OpenTAD icon indicating copy to clipboard operation
OpenTAD copied to clipboard

Roadmap and Feedback

Open sming256 opened this issue 1 year ago • 17 comments

We keep this issue open to collect feature requests and feedback from users, and thus keep improving this codebase.

If you didn't find the features you need in the Road Map, please leave a message here.

Thank you!

sming256 avatar Mar 28 '24 12:03 sming256

cool

rixejzvdl649 avatar Apr 01 '24 06:04 rixejzvdl649

Hi @sming256 Thank you for sharing the toolkit.

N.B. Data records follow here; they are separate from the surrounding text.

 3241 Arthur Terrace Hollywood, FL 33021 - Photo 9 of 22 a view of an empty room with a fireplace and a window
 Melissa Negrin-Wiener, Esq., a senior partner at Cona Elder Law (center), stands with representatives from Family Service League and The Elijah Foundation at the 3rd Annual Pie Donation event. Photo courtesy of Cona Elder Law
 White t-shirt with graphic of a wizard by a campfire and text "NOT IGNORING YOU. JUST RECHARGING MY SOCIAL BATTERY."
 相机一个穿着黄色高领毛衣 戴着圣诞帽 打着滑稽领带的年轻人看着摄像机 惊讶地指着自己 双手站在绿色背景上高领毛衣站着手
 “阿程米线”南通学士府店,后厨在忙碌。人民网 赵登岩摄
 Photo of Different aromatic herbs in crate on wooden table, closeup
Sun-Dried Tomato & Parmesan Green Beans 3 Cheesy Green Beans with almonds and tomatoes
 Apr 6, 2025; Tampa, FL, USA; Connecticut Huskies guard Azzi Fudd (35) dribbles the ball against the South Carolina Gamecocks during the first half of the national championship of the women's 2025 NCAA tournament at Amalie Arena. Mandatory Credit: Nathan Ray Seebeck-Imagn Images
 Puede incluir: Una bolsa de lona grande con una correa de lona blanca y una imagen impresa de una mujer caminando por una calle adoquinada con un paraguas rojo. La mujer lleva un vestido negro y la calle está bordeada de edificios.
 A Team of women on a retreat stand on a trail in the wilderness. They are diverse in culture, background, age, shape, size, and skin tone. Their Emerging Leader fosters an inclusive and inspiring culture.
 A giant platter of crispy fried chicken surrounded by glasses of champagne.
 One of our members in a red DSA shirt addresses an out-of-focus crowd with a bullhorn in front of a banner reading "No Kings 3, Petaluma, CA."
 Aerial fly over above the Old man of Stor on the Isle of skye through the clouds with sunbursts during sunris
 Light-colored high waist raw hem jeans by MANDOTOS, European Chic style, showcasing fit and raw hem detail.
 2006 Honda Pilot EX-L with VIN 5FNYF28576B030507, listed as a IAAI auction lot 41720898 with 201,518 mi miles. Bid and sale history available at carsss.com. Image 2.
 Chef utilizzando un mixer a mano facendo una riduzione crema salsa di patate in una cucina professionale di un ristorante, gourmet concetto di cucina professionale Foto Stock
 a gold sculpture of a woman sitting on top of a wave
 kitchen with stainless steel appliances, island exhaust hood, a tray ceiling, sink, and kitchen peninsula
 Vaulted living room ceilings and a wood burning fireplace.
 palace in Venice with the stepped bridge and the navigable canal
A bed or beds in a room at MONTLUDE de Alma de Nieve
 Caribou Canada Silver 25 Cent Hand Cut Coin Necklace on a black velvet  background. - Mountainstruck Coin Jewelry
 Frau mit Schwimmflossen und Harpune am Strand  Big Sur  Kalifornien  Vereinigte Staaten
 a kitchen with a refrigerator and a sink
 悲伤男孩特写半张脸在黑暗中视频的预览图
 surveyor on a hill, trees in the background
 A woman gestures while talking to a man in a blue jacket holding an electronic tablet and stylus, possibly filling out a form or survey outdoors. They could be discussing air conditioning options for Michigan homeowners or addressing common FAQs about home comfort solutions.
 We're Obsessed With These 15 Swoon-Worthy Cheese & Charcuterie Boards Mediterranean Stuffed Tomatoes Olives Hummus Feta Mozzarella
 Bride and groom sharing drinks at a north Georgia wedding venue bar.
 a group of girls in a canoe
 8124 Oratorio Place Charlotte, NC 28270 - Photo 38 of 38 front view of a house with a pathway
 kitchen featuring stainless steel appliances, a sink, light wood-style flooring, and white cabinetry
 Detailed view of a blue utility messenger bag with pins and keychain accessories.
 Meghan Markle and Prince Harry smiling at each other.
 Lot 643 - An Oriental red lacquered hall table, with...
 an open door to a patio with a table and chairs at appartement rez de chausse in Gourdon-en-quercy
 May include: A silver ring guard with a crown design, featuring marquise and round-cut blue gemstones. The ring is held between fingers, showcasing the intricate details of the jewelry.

Its really amazing, I wanted to the ask, the paper AdaTAD also has the parallel adapter approach, AdaTAD' (75.4 in paper) but when implementing it using the codebase shared I am able to achieve somewhere around 73.4 mAP, can you please share if there are any parameters are different between AdaTAD and AdaTAD'?

akshitac8 avatar May 03 '24 18:05 akshitac8

Only a few hyperparameters are changed, such as the mlp ratio in the adapter is changed from 1/4 to 1/8, and the learning rate is searched between 1e-4 to 5e-5. I will update the parallel backbone and checkpoint later.

sming256 avatar May 03 '24 19:05 sming256

That would be really helpful @sming256 for reproducing the results 😃.

akshitac8 avatar May 05 '24 01:05 akshitac8

Hi @sming256 wanted to check if you could please upload the parallel backbone code as well that would be great.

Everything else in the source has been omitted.